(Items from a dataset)
== Segment start ==
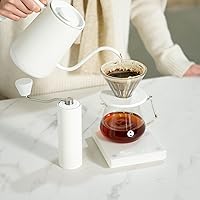 Vista 7 de TIMEMORE Chestnut C2S Manual Coffee Grinder Capacity 25g with CNC Stainless Steel Conical Burr, Internal Adjustable Setting, Double Bearing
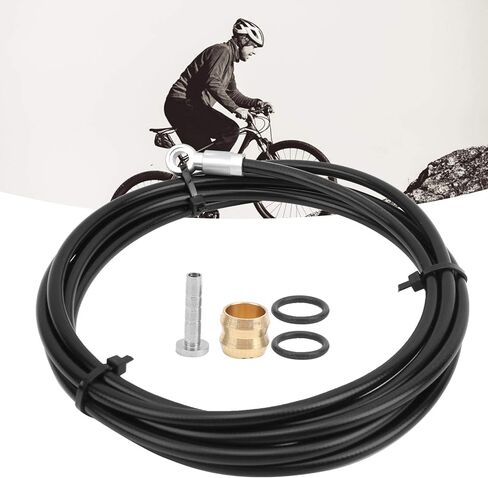 طقم خرطوم أنبوب الفرامل الهيدروليكي بطول 2 متر، خرطوم فرامل قابل للقطع للدراجات الجبلية SLX XT in Kuwait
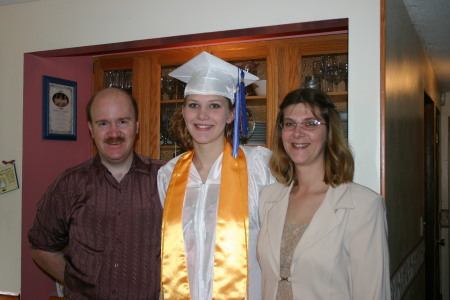 Before Jennifer's Graduation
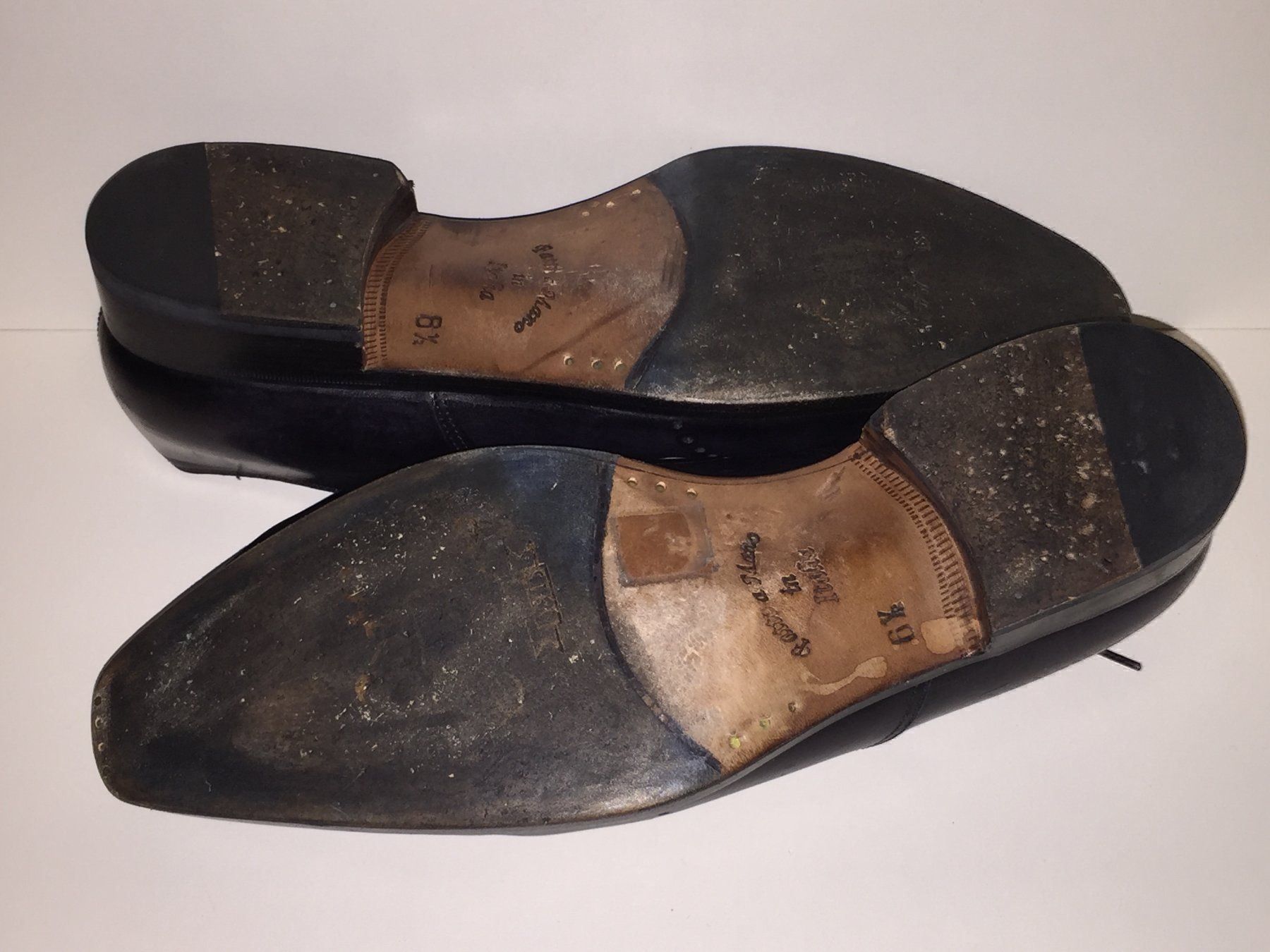 Scarpe da uomo: Chaussures/Schuhe  BOTTI   Pointure/Nummer  40,5 – Usato da Cossonay-ville venduto da Super-Price-Quality 5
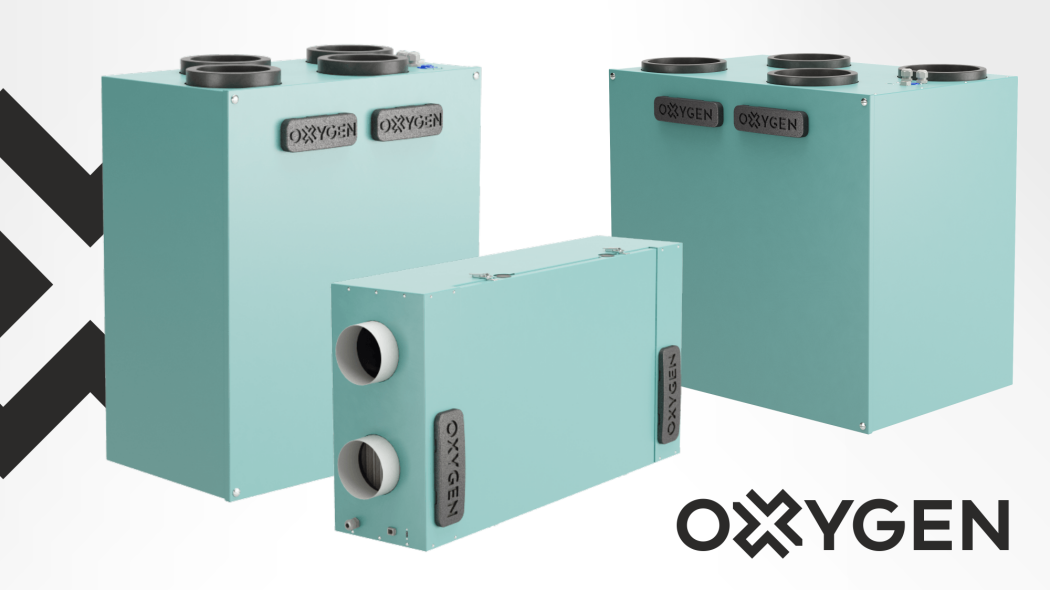 Just like breathing - rekuperatory OXYGEN EASY
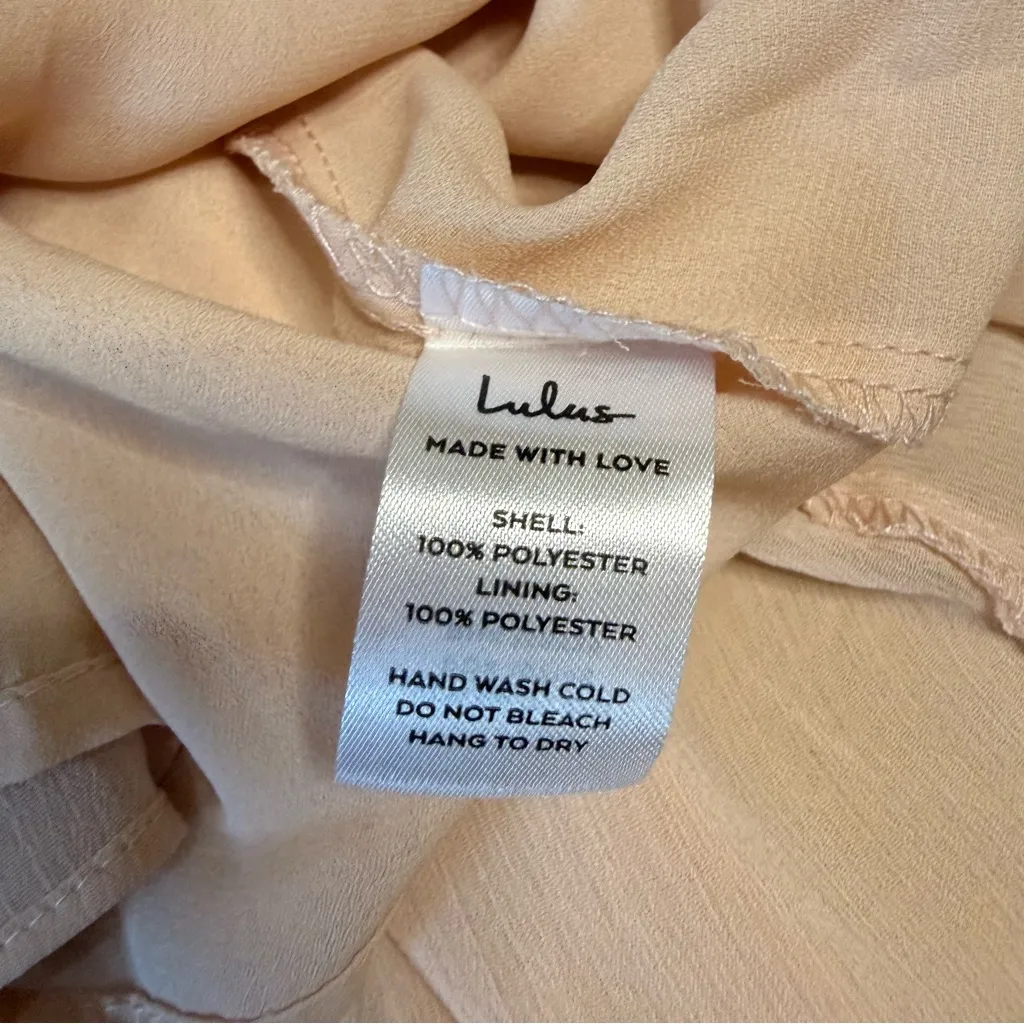 NWT - Lulus Blush Pink Top - Image 9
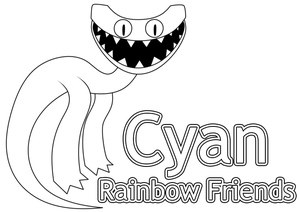 Free Friends of the Cyan Rainbow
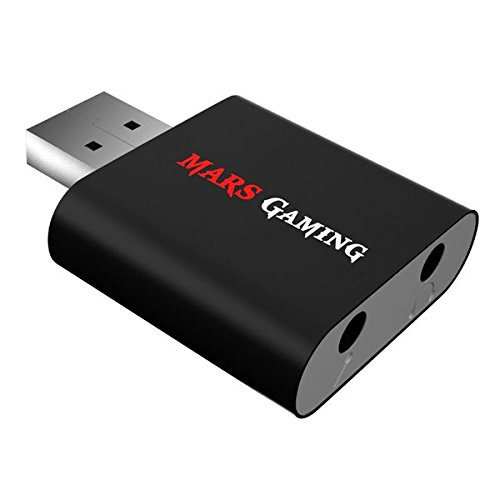 Mars Gaming MSC1 audio card 7.1 channels USB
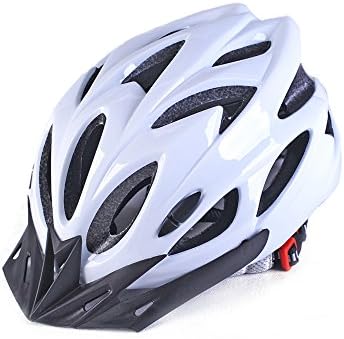 Best 007 Adult Cycling Bike Helmet (White)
== Segment end ==
▶ [WORK ORDER]: Reproduce every entry above exactly, and omit the pictures.

▶ [RESULT OF THE TASK]:
 Vista 7 de TIMEMORE Chestnut C2S Manual Coffee Grinder Capacity 25g with CNC Stainless Steel Conical Burr, Internal Adjustable Setting, Double Bearing
 طقم خرطوم أنبوب الفرامل الهيدروليكي بطول 2 متر، خرطوم فرامل قابل للقطع للدراجات الجبلية SLX XT in Kuwait
 Before Jennifer's Graduation
 Scarpe da uomo: Chaussures/Schuhe  BOTTI   Pointure/Nummer  40,5 – Usato da Cossonay-ville venduto da Super-Price-Quality 5
 Just like breathing - rekuperatory OXYGEN EASY
 NWT - Lulus Blush Pink Top - Image 9
 Free Friends of the Cyan Rainbow
 Mars Gaming MSC1 audio card 7.1 channels USB
 Best 007 Adult Cycling Bike Helmet (White)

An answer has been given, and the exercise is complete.